The first proposal followed a route which blended best with the countryside,
had good junctions, and fewer less abrupt curves in it - just a shame they
never built it as planned. Now we have a crowded dual carriageway way which
grinds to a halt when vehicles break down due to the lack of a hard
shoulder!
The roundabout is there, missing the eastern side. I thought it had
originally had a link road to the A1, but I'm not sure.
> M3- Projected extention further into London (IIRC)
London Box plan?
> M4- Junction 31. Anyone got any ideas?
A469 Caerphilly exit, I always thought.
> M8- Junctions 6-8. Road never built as motorway. Also various stup-end
> slip roads in Glasgow City Centre
The missing sliproads were where the eastern side of the city centre box was
meant to start, but was never built. When the M74's finished though... who
knows!
> M11- Junctions 4-1. Some maps showed the A406/A12 roundabout as M11 J3
> (slip roads go most of the way there). There are various signs of
> possible extensions-the slip road from the northbound A406 to the M11
> crosses a bridge over nothing. Same with the southbound M11
> carriageway just before it splits in two.
Finished, but as part of the A406 so the neighbours wouldn't complain about
a motorway.
> M25- Note the split in the carriageways immediately west of junction
> 23. Opened between J23 and J24 as an A-road (A1181?) long before the
> M25 project got going properly. Would the main carriageway have hooked
> up with the extension of the A1(M)?
No idea!
> M41- Now reduced to plain old A3220, the 1 mile M41 in West London was
> to have been the main London-Birmingham motorway before they scrapped
> it and built the M40 instead
Tring bypass too - now plain old A41 but apparently it's very obviously a
motorway if you drive it.
> M53- Note the split in the carriageways west of junction 5. Junctions
> 5-10 were built as (IIRC) an A-road converted to become M531. The
> original M53 was to run west of Chester
On my website for details!
> M62- J4-1. Planned urban motorway linking up with the never built
> Liverpool inner ring motorway. Both were cancelled in (IIRC) the late
> 1970s.
Didn't know this... I thought it was because originally the M62 ran along
the M63, so to keep junction numbers consistent along the Pennine stretch,
they ran backwards along the new section which left three unused numbers
(did that make sense?). Liverpool had all kinds of mad motorway plans for a
while though.
> M67- extensions at either end. At J4 in the east the motorway fizzles
> out to become a 2 lane dual carriageway for the last 1/4 mile.
> Prominent stub ends of the main carriageway. In the east at the M60
> junction is the "Ski-jump"- an unfinished main carriageway ramp which
> according to dad was originally planned to link up with the Mancunian
> Way.
This was meant to run through a railway tunnel which was closed but never
used apparently. Now it's being consideration to reopen following all the
rail problems! My AA road map shows a railway line with no stations heading
north-west from Sheffield and going nowhere...

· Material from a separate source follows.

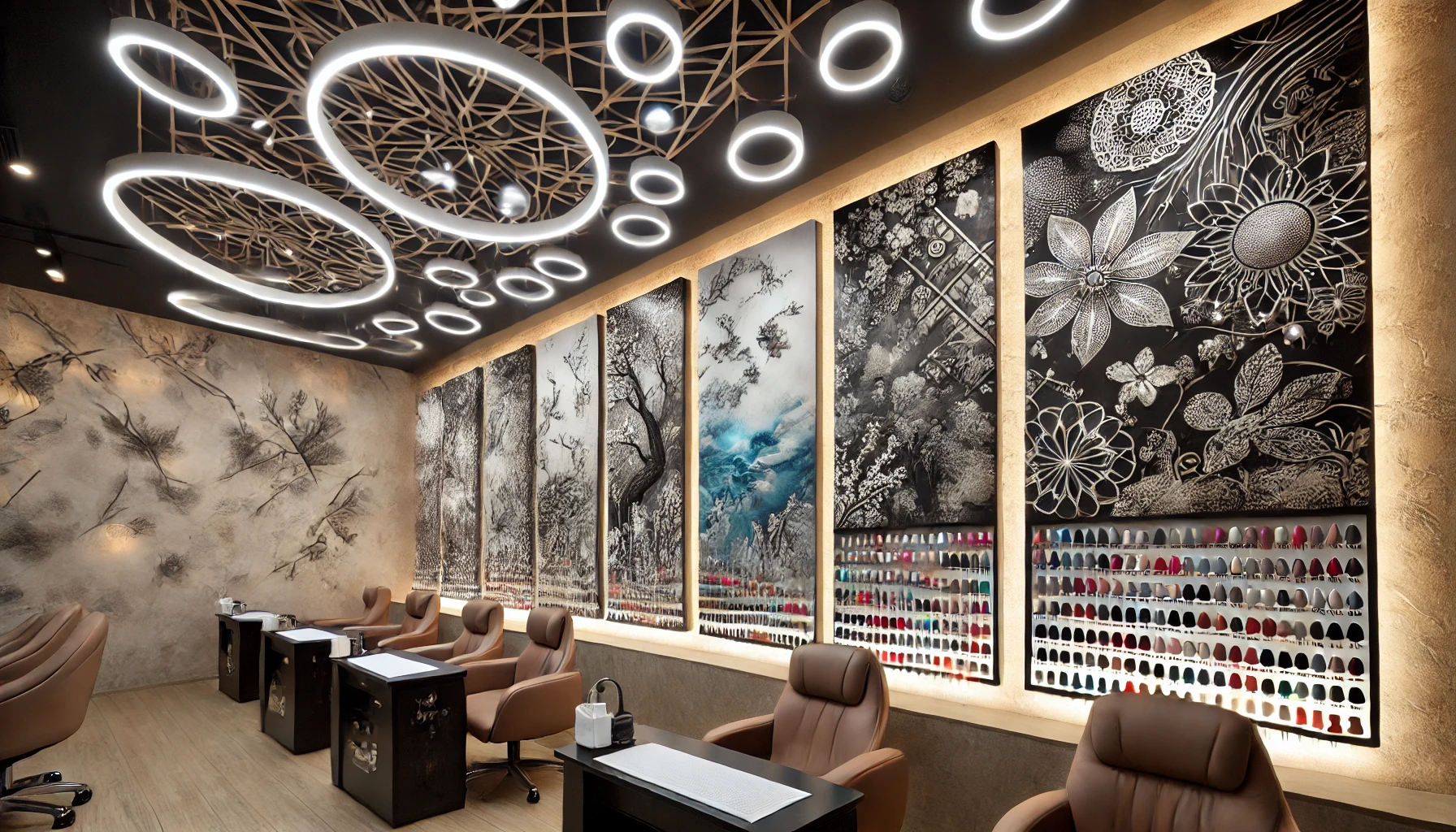 Xu hướng trang trí tiệm Nail với tranh nghệ thuật 4 bức tranh trang trí cho tiệm Nail với kết hợp đèn LED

> M69- note the carriageway split immediately west of its junction with
> the M1. The main carriageway would have pointed north, but with
> Leicester Forest East services in the way I can't see it as a direct
> route from M1 north. As the M69 ahould be numbered the A46(M) how
> about an extension to where the modern day A46 Leicester Northern
> Bypass runs?
I think this was just meant to provide fast-access sliproads on to the M1 as
part of the same junction. Then the M42/A42 was built and they gave up.

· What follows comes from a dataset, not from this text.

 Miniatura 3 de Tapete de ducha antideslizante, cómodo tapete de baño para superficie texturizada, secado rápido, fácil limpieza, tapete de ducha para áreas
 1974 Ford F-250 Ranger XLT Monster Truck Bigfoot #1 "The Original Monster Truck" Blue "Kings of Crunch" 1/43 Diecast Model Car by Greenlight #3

> M74- West of Junction 2-M8 Junction 20. The southern leg of the
> Glasgow motorway box. Still on the cards to try and relieve the M8.

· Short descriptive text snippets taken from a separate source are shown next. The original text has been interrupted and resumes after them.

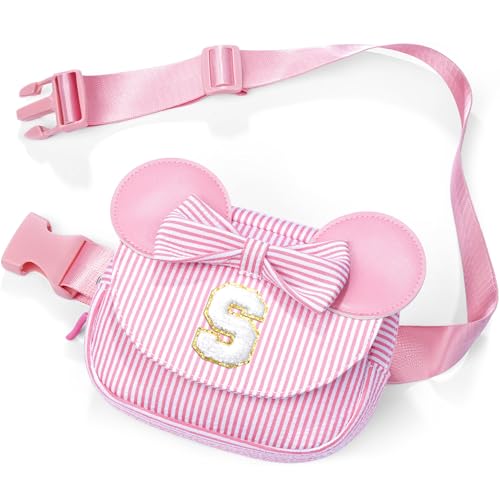 Image of Birthday Gifts for 3 4 5 6 7 8 9 10 11 12 13 Year Old Girls | Gifts for Kids Girls Daughter | Initial Fanny Pack Belt Bag | Sling Bags Toddler Purse Sling Bags Gift for Girl | Pink S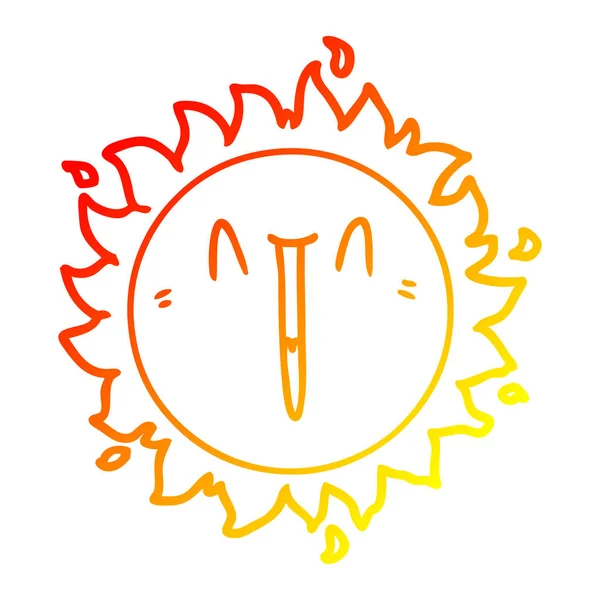 Warm gradient line drawing happy cartoon sun — Stock Vector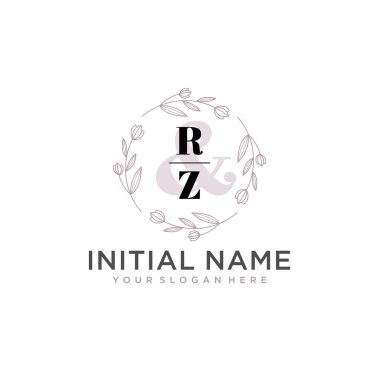 Botanik ve Geometrik Tasarımlı Çiçeksel Logo RZ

Going ahead, completion 2008 IIRC.
> M80- south of Junction 4. And no, I don't count the urban bit built in
> Glasgow a while back
And they haven't left themselves enough junction numbers for Cumbernauld
either.
> M602- east end extension to the Mancunian Way. Planned in the 60s, now
> dropped.
Ah, if only... then the whole thing could become M67!
> M606- northern extension into Bradford. Junction with the A6177 has
> empty underpass bridges on it.
I think there was work on this last time I came through. Not sure what was
going on, if there was construction or if they were just tidying up the
loose end. Trouble is the road is mantained by Bradford CC so any changes
will probably be slow and budgeted.
> A1(M)- count the missing junction numbers on the unbuilt sections,
> then count the number of major roads the existing A1 crosses. Do they
> add up? No.... The next bit of A1(M) to be be built will be south of
> J47. J46 will be a new junction with the B1224 at Wetherby. So what
> about a Wetherby junction and an A659 junction. They even rebuilt the
> between the A64 and Wetherby a few years back to motorway standard-
> including the A659 junction. So why didn't they allocate it a junction
> number?
Who knows. Not that the Wetherby bypass is anywhere near consideration
anyway...
> A167(M)- Newcastle's Central Motorway was supposed to be longer than
> it is originally
Weren't all the urban motorways?
> Can anyone spot any more missing junctions/motorways? And I mean on
> built or part-built ones....
Leesd was meant to have a load more urban motorways out into the suburbs and
connecting the M1 and M621 up to the city centre. Looks to me like there was
also meant to be more spurs from the M27 - M271 and M275 but three numbers
missing in the middle. There was certainly a proposed spur in the east side
of Southampton.
> > M1- Projected extension south of the North Circular. To have linked up
> > with the North Cross Route? Junction 3 is also missing- was to have
> > been the A1(M) junction before the latter's extension south of South
> > Mimms was cancelled. J3 is now London Gateway services only, but was
> > referred to as "Junction 3" on roadworks signs a year or two back.
>
> The roundabout is there, missing the eastern side.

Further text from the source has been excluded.